The plots reveal how China’s position in the BIT network changed over time. In 1995, China was moving aggressively to demand BITs around the world, forming ties that the model views as relatively unlikely. By 2010, China had many more BITs in place and is more likely to be a treaty target of the remaining countries, an indication of China’s expanded role in the global economy.

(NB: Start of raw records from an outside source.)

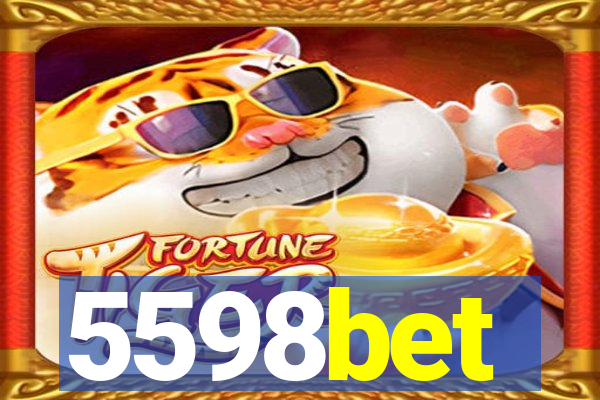 5598bet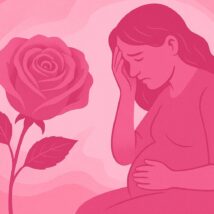 Imagem referente a matéria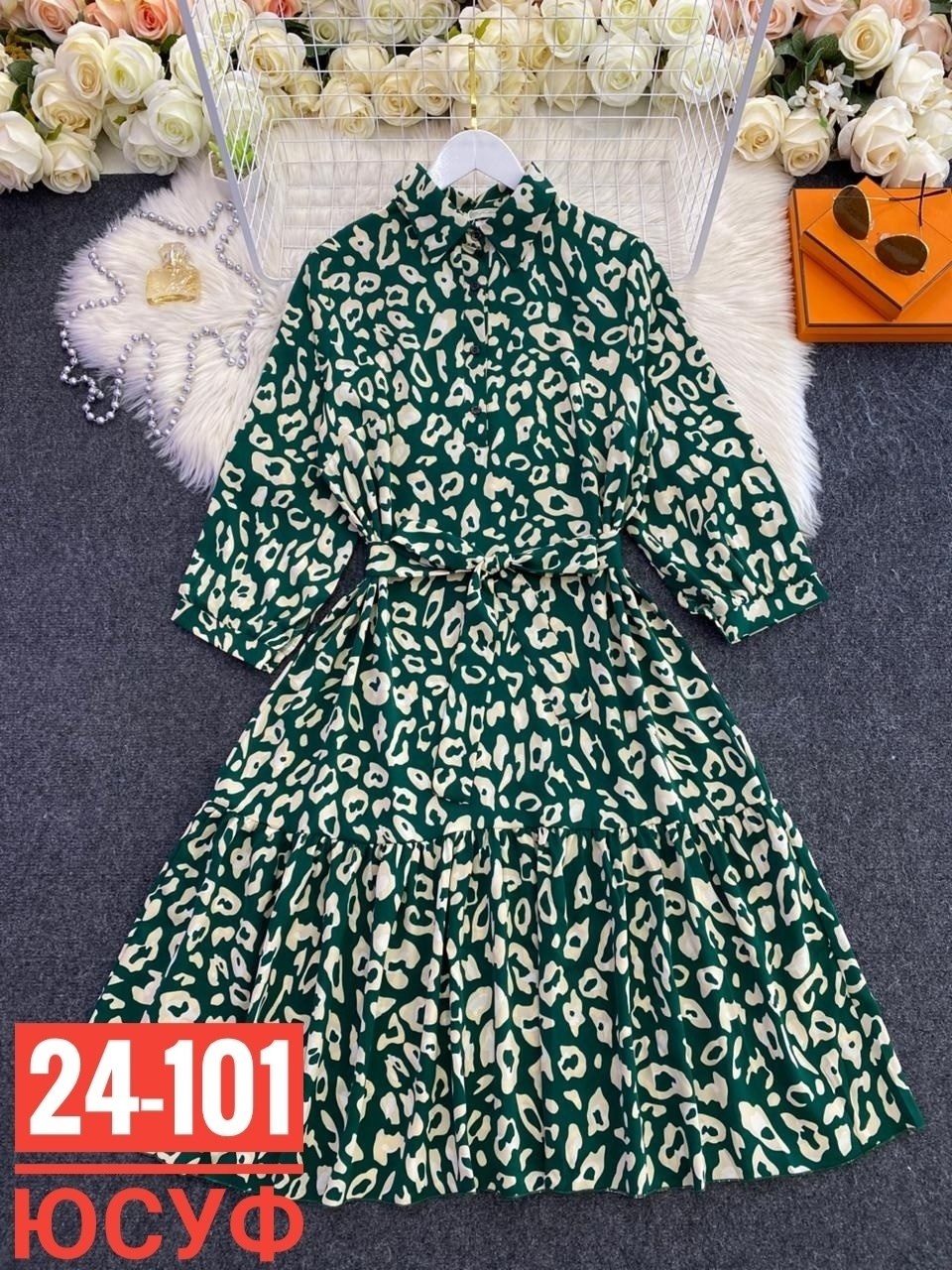 платье женское,платье,платье идеальное,модное платье, платья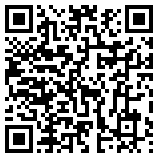 QR Code for Performance Radiator in Colorado Springs, CO 80909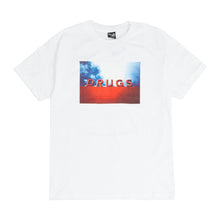 Load image into Gallery viewer, The Quiet Life - Drugs Tee - The Hidden Base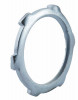 20PK 3/4" Locknut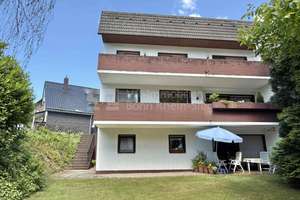 Ein Haus, viele Möglichkeiten! Einfamilienhaus mit vermieteter Einliegerwohnung – Die vollständige Adresse der Immobilie erhältst du vom Anbieter., 51381 Lützenkirchen, Leverkusen – Vorschaubild 3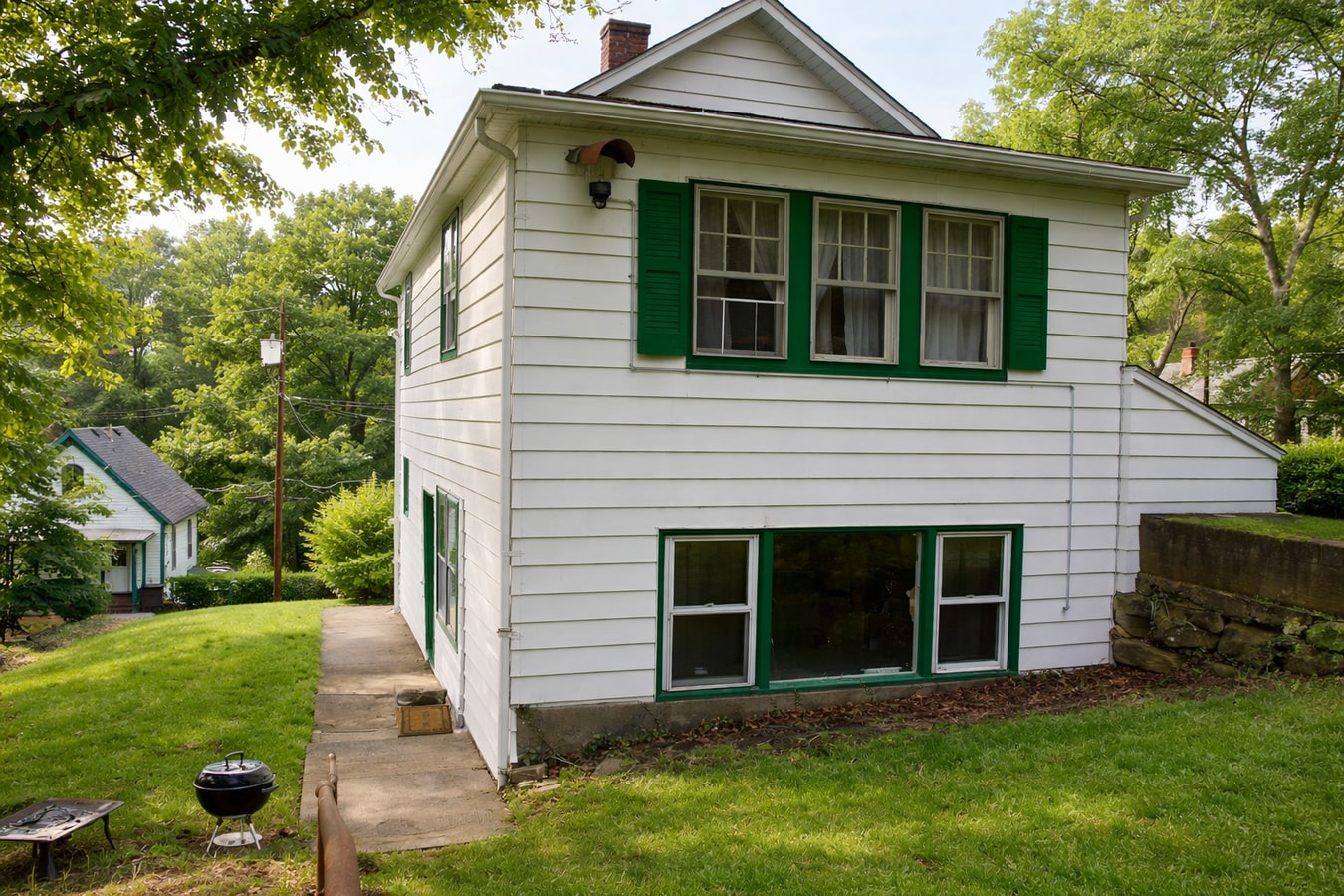 Photo - 120 N Congress St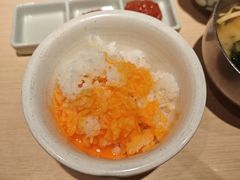 -肉肉大米(金虹桥店)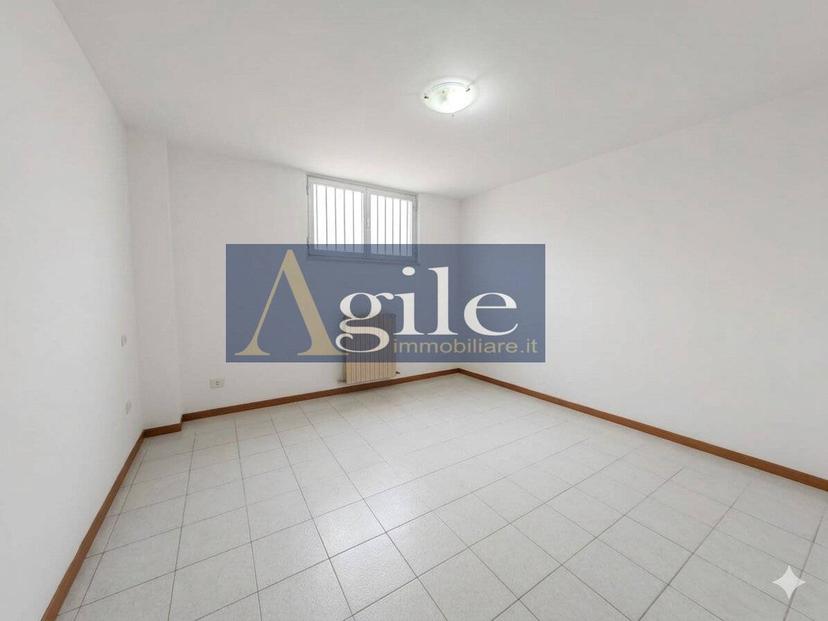 Appartamento in Via San Giuseppe, Corropoli — foto 4 di 5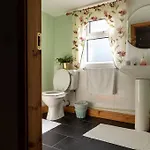 Ferienhaus Carna Connemara *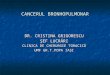 CANCERUL BRONHOPULMONAR-CURS (1).ppt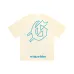 Godspeed-T-Shirts printed short-sleeved shirt #B66990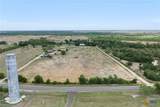 9765 State Park Road - Photo 26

Figure 2 illustrates a different use of the P-GBME model. It shows the predicted probabilities that the USA is demanded (left) and demands (right) a BIT in 2010. Observe that the model predicts Peru, Mexico, and Chile—the top 3 non-BITs—demand a BIT with the USA at probabilities close to one, and are also likely BIT targets of the USA with probabilities of about $0.5$ . Closer inspection of UN treaty data reveals that, by 2010, all three had signed other agreements with the US that contain provisions functionally equivalent to BITs; these agreements do not appear in the BIT dataset commonly used in the literature.Footnote ⁵ The P-GBME model nevertheless highlights these “hidden” agreements as dyads likely to have a BIT. This suggests that researchers studying BITs need to carefully examine the dataset they employ and perhaps expand the set of treaties considered relevant.

Figure 2. The posterior probability a country demands a BIT (left) and is demanded (right) with the USA in 2010 (the top and bottom decile of countries). P-GBME is good at separating likely from unlikely treaties as well as identifying “hidden agreements.”